I found a copy of the out-of-print collection Leo Tolstoy, Writings on Civil Disobedience and Nonviolence, at a used bookstore . I’d been interested in reading this because Tolstoy’s Christian pacifist anarchism bears some resemblance to my own project, although mine is not quite pacifist and not at all Christian.
Tolstoy appeals to individual conscience and he calls for individual action. He didn’t want to reform the government or the church, to institute a utopia or to join the revolution; he wanted you to disregard the government and the church and to behave as (he felt) God and Christ demanded — the rest would take care of itself.
Here’s an excerpt in which he ridicules the idea that the way to peace is through better treaties or through international law:
The government assures the people that they are in danger from the invasion of another nation, or from foes in their midst, and that the only way to escape this danger is by the slavish obedience of the people to their government. This fact is seen most prominently during revolutions and dictatorships, but it exists always and everywhere that the power of the government exists. Every government explains its existence, and justifies its deeds of violence, by the argument that if it did not exist the condition of things would be very much worse. After assuring the people of its danger the government subordinates it to control, and when in this condition compels it to attack some other nation.

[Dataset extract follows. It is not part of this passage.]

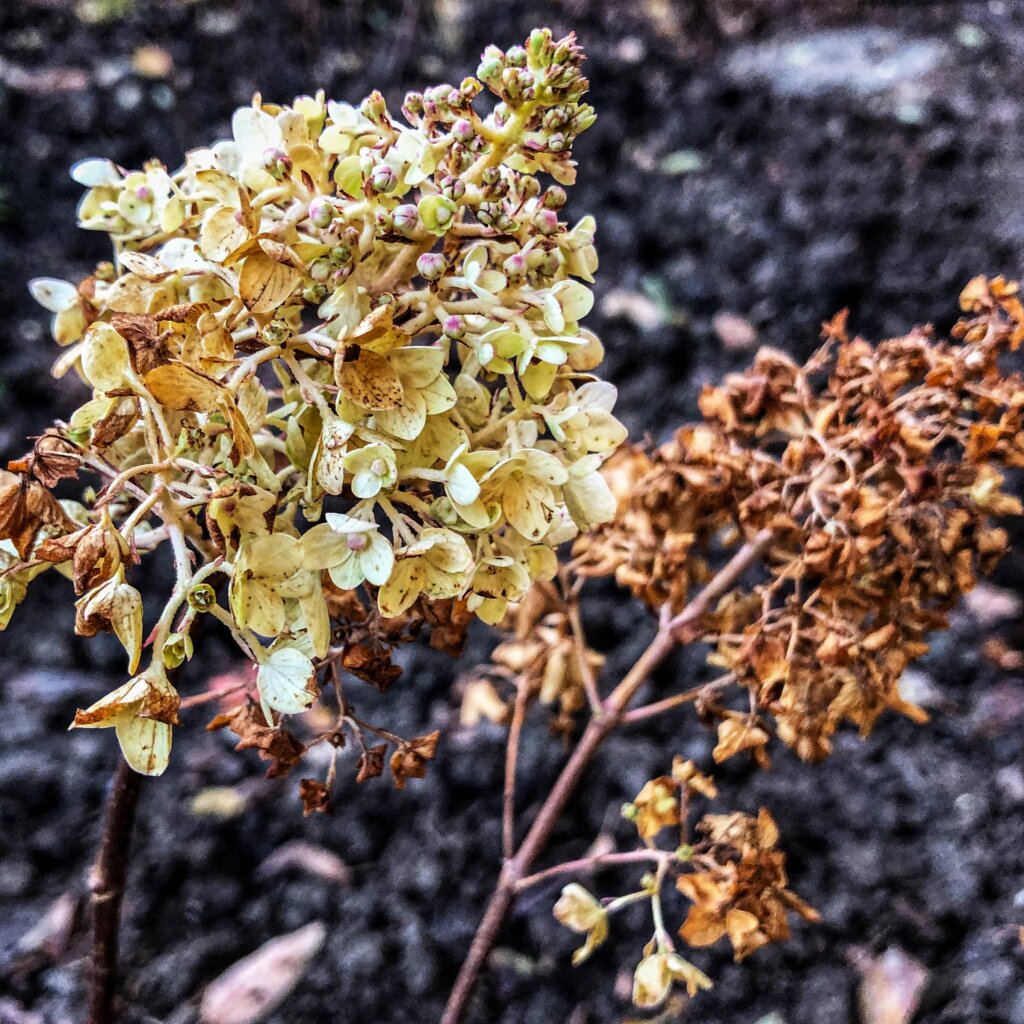 hydrangea seed head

And thus the assurance of the government is corroborated in the eyes of the people, as to the danger of attack from other nations.
“Divide et imperia.”
Patriotism in its simplest, clearest, and most indubitable signification is nothing else but a means of obtaining for the rulers their ambitions and covetous desires, and for the ruled the abdication of human dignity, reason, and conscience, and a slavish enthralment to those in power. And as such it is recommended wherever it is preached.
Patriotism is slavery.
Those who preach peace by arbitration argue thus: Two animals cannot divide their prey otherwise than by fighting; as also is the case with children, savages, and savage nations. But reasonable people settle their differences by argument, persuasion, and by referring the decision of the question to other impartial and reasonable persons. So the nations should act today. This argument seems quite correct. The nations of our time have reached the period of reasonableness, have no animosity toward one another, and might decide their differences in a peaceful fashion. But this argument applies only so far as it has reference to the people, and only to the people who are not under the control of a government. But the people who subordinate themselves to a government cannot be reasonable, because the subordination is in itself a sign of a want of reason.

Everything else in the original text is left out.